Ce n'est pas là faire acte de syncrétisme et gommer la différence entre deux modalités d'espérance : pour l'athée, l'espérance n'a nul rapport à une promesse, qui, pour lui, ordonnerait plutôt les croyances à l'espoir (la promesse, par l'Histoire ou la Science, de lendemains glorieux) quand, a contrario , l'espérance chrétienne est tressée d'une confiance en une promesse personnellement adressée ; pour l'athée, l'espérance relève de l'épaisseur d'une pure immanence quand, pour le chrétien, elle s'étaie d'une profondeur de l'immanence que la transcendance peut gracieusement trouer.

Mais s'il est vrai qu'il n'est rien de plus utile pour un homme libre que la rencontre d'autres hommes libres (Spinoza), alors il n'est rien de plus utile aux athées soucieux (à leur manière propre) d'espérance que la rencontre de chrétiens partageant (à leur manière) ce même souci.

Sans doute les uns et les autres peuvent-ils alors s'entendre pour opposer cette vertu de l'espérance aux sombres effets du nihilisme rampant qui ronge les consciences, ce nihilisme qui prolifère aujourd'hui sur les ruines des espoirs déçus («À quoi bon ?»).

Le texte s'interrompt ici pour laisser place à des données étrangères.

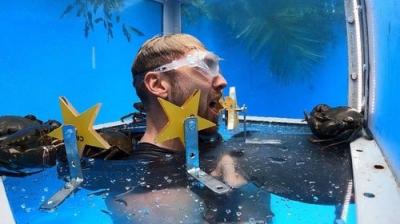 I'm a Celebrity...Get Me Out of Here!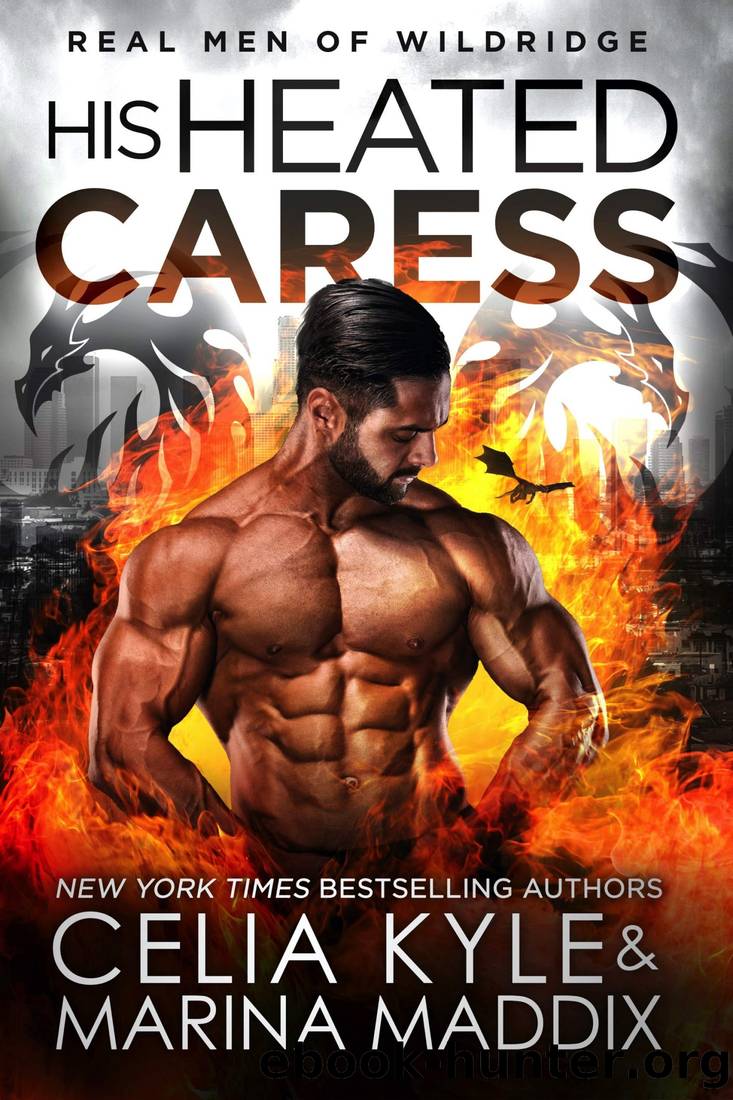His Heated Caress by Kyle Celia & Maddix Marina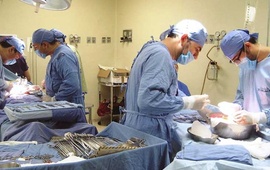 Imagen de Santa Fe ganó 35 mil donantes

Si le nihilisme consiste bien à «vouloir le rien plutôt que ne rien vouloir»6, à soutenir «Plutôt une fin effroyable qu'un effroi sans fin !» (Ernst Jünger), alors il y a lieu de lui opposer que nous ne sommes pas condamnés à ne rien vouloir, qu'il nous est toujours loisible de vouloir quelque chose, à condition de miser sur le courage de continuer ; bref, il nous revient d'opposer au nihilisme ambiant la conviction paulinienne que la persévérance produit la victoire, que la victoire produit l'espérance et que l'espérance, en effet, ne trompe pas.
F.N.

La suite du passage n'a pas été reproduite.